Georg Holm, the band’s affable bassist, is wary of the latter, flame-keeping constituency. “Sometimes,” he says, munching on the caviar the group’s publicist had expressly asked him not to order, “when you meet the really hardcore fans, you do think, ‘What are you on about?’ Basically, they’ve misunderstood us. They’ve decided we’re certain types of people, and we’re not. It’s absolute nonsense.” Previous releases such as the so-called ( ) album, which had eight tracks but no song titles, helped to cement a perception of a band who were aloof, glacial, earnest and cerebral.
“Oh, I know,” Birgisson sighs. “But there’s not one thing that’s intellectual about it.” Writing, recording and performing their music is, he says, “better than sex or anything - it’s obsessive, it’s euphoric”. So, he’s never found himself analysing his songs, dissecting them? “No, not once,” he chides. “Of course not. You sit with your guitar and just play - no thinking at all.”

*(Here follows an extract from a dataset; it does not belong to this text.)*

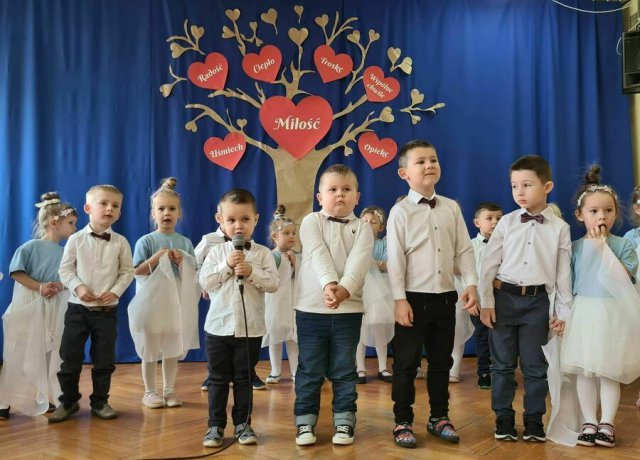 Dzień Babci i Dziadka w „Misiu Uszatku” [Foto]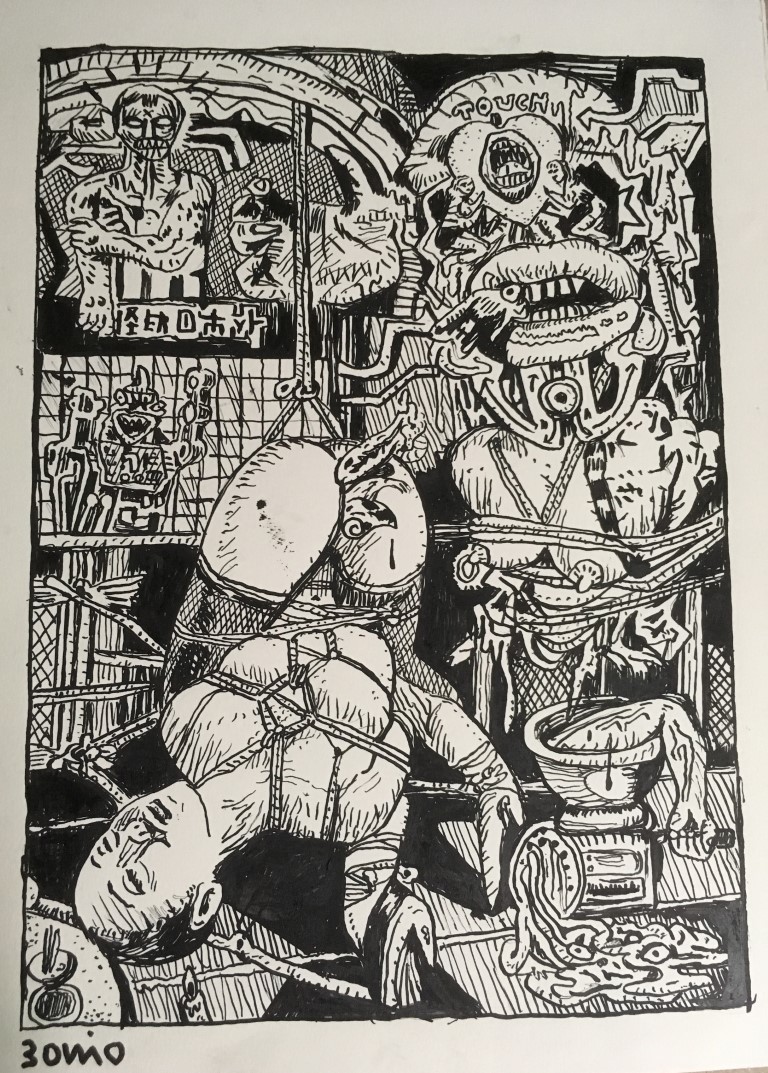 OFF THE RECORD VOL-10 PAKITO (4)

Why does he think the misconception has occurred? “I think the press may be too powerful,” he replies. (More than anyone I have ever interviewed, Birgisson becomes literally rigid with caution when you switch on a tape machine in his presence.) “In Britain, the press is really weird - the weirdest in the world.”
Switch the machine off, though, and the singer is a clown, flirty, bibulous and gossipy. The evening before, a rough, nighttime canal trip on an open-top tourist boat had been eased by heroic quantities of fierce vodka. Sigur Ros are many things, but aloof – the on-record Birgisson excepted - is not one of them.
Holm, downing white wine with the caviar, thinks that Iceland, so celebrated as a hot house of creative talent, has become complacent,and seems content to put a few nosesout of joint by saying so. “Anyone you meet in the street is doing something creative,” he says. “They’re never just doing their nine-to-five job. In my opinion, it’s sometimes a little bit fake - you know, people just doing it because everyone else is.” Was that why they made their new album abroad: to escape? “Oh,” Holm concludes drily, “I think we were running away from ourselves more than from Iceland.”
The new album’s cover art - a photograph of several naked people crossing a motorway and scampering towards distant hills - was another sign that things had become a little lighter, in terms of how Sigur Ros projected themselves. It also captures the impulse to strip off and run back to nature, most forcefully summoned by songs such as Festival and Within Me a Lunatic Sings. The latter contains a pause - when, for less than a second, sonic action is suspended before bursting back into life - that may be the most exciting moment in pop music this year.
America was aghast at the buttocks. “They put a sticker on it,” Holm says, shaking his head, “which just covered the rear parts of the people in the photograph. I mean: stupid?” The video for Gobble-digook, which also contained its fair share of frolicking and nudity, was banned by YouTube. “Which is bizarre,” Holm continues, “because you can probably see people getting hit by cars, or beating up old women in the street, but a few naked people running around isn’t allowed.”
Sigur Ros have come down, as the agnostics would no doubt have it, from their lofty glacier and made an album teeming with joy, fun, spontaneity and three-minute songs. And what happens? The Americans censor them, the Russians give them fines and the internet bans them. “It makes it more interesting if it’s not easy,” Birgisson says. “Now, where’s my posh playgirl?”